This Blog is for Tracking the Flux

It doesn’t seem like it much from the amount of writing that makes it out of Draft to Published, but I think about this blog a lot. I think about the blogs I read, by people I respect, the things I want to write on it, and what it is that stops me from writing here on my own blog, which sees slightly fewer regular updates than my Tumblr. An interesting observation, in light of the theory that Twitter has helped revive the long-form essay.

Who I’m inspired by right now is Matt Webb, because he identified earlier this year that he was not blogging, and therefore writing, as much as he wanted to, and he’s been going whole-hog on changing that since then. I don’t always get to his posts in a timely fashion, but between the Kindle, the iPhone, and the Google Reader, some of my best weekend afternoons are spent catching up.

I’ve endeavoured to feel safe to speak in my own space of this blog; up until this point I have failed. I have lamented the naivete of some of the posts I’ve written here. I’ve been nervous that speaking with my true voice has cost my job opportunities with people and groups doing work I’d really like to help with. I’ve also become scared to the core that my blogging voice has infected and irreversibly damaged whatever it is I use for my academic writing, leaving the latter soaked under hailstorms of red ink from my profs, ever generous in their feedback to help me do better (and upholding the standards befitting a master’s program).

There was a dark period of time where all I could see, in fact, were people being nice to me with an agenda in their hands, intending to make off with my ideas and asking me for help with their well-funded projects, even as I was finding it challenging it just to scrape rent together, and despairing that this would always be the case. That road is still possible — either that I become that jaded and focused only on loss, or that I leave my economic sustainability completely vulnerable that way in some well-placed but misguided desire to generous.

Watching Sarah Kay’s TED Talk this morning has been a revelation. Most of all, it reminded me that I do know things, and that it might even be less important to be right than to understand the deeper insights that come from being wrong.

That’s what I need this blog to be, more than anything else — not just a showcase of me trying and succeeding, but a home to the painstaking process of unpacking those times I tried and failed. That’s the place where the craft matures. Or at least it is for me — even if others find it completely easy and are capable of having things spring forth fully-formed from their mind, that’s not where I am, and that’s a fact, not a problem.
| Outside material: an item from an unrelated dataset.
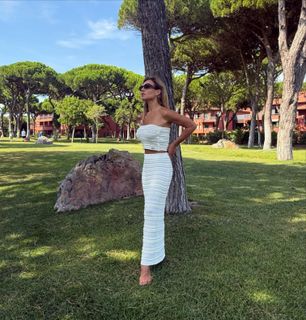 Ana Rita Clara feet photo 3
If I’m cursed to be Canada’s Sarah Baskerville, the blogger in the UK who had her blog and Twitter dissected by the Daily Mail and painted as a loose cannon and a problem for the government — maybe that’s better than the cowering in the corner afraid to speak, as I sometimes feel I am now (save for the few other places I’m given permission. Like this mostly-mine post on wayfinding kiosks at the Vancouver Public Space Network I banged out on a whim last week. Personally satisfying (and, OK, a little indulgent) and prompted some great questions.

This is not solved yet and, for all I know, might never be; but this post stands here as a commitment to continue working to get this solved both personally and with any organization I give my time to; to find others who have figured it out; and maybe even to share any answers I get.